How are maintenance decisions made at golf courses? Are decisions based on physical measurements of parameters such as soil moisture and green speed, or are they based on the emotions of golfers that may have had a bad round? Routinely measuring parameters that impact playability can explain a great deal about daily conditions at any golf course while helping drive key maintenance decisions. Gathering data that characterizes playing conditions and turf health is useful for all golf courses whether they are preparing for daily play or for the U.S. Open Championship.
Challenging, but fair conditions that test the physical skills and mental fortitude of the greatest golfers in the world are critical for a successful U.S. Open. Understanding the relationship between green speed, firmness and playability requires repeated collection of data that characterize playing conditions. That data is reviewed and correlated with observations of actual play during each day of the U.S. Open. This information helps guide maintenance decisions during the championship, leaving as little to chance as possible. Here are a few examples of how data is collected and used to make decisions during the U.S. Open:
- Green speed is measured multiple times each day with the USGA Stimpmeter® on every green. Generally, during the week leading up to the U.S. Open, green speed is measured hours before play early in the morning, again around noon and at the conclusion of play to monitor daily trends. During the championship, green speed is measured before and after each round. All of these measurements are used to make decisions on mowing and rolling frequency, cutting heights and growth regulator applications.
- Putting green firmness is measured with a USGA TruFirm before and after play each day during the U.S. Open. These measurements are used to understand how firmness changes over the course of a day provide insight into the desired playing conditions.
- Putting green moisture is measured multiple times during each day of the championship and correlated with putting green firmness. Water is applied as needed to meet the needs of the turf and keep the greens from getting too firm.
- The USGA course setup team meets daily with USGA agronomists and the golf course superintendent to review and discuss this data and weather forecasts. During each meeting maintenance strategies are formulated for the day ahead.
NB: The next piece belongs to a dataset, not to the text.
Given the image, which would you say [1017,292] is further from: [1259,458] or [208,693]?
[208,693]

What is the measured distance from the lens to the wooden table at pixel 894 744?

The purpose of collecting data is to learn more about a golf course. This work is especially important at a new U.S. Open venue such as Erin Hills. Thanks to diligent data collection, the USGA championship team already has an idea of the desired ranges for green speed, firmness and soil moisture during the championship. The opportunity to collect data and correlate it to actual play equips agronomic teams with the knowledge necessary to manage course conditioning and provide a fair test.
Making decisions based on concrete data leads to better playing conditions for all golfers, including those at the U.S. Open Championship. Data collection for daily play does not need to be as extensive as it is during the U.S. Open, but routine measurements of parameters that affect playing conditions can help maintain quality course conditions and provide an enjoyable golfer experience at any golf course.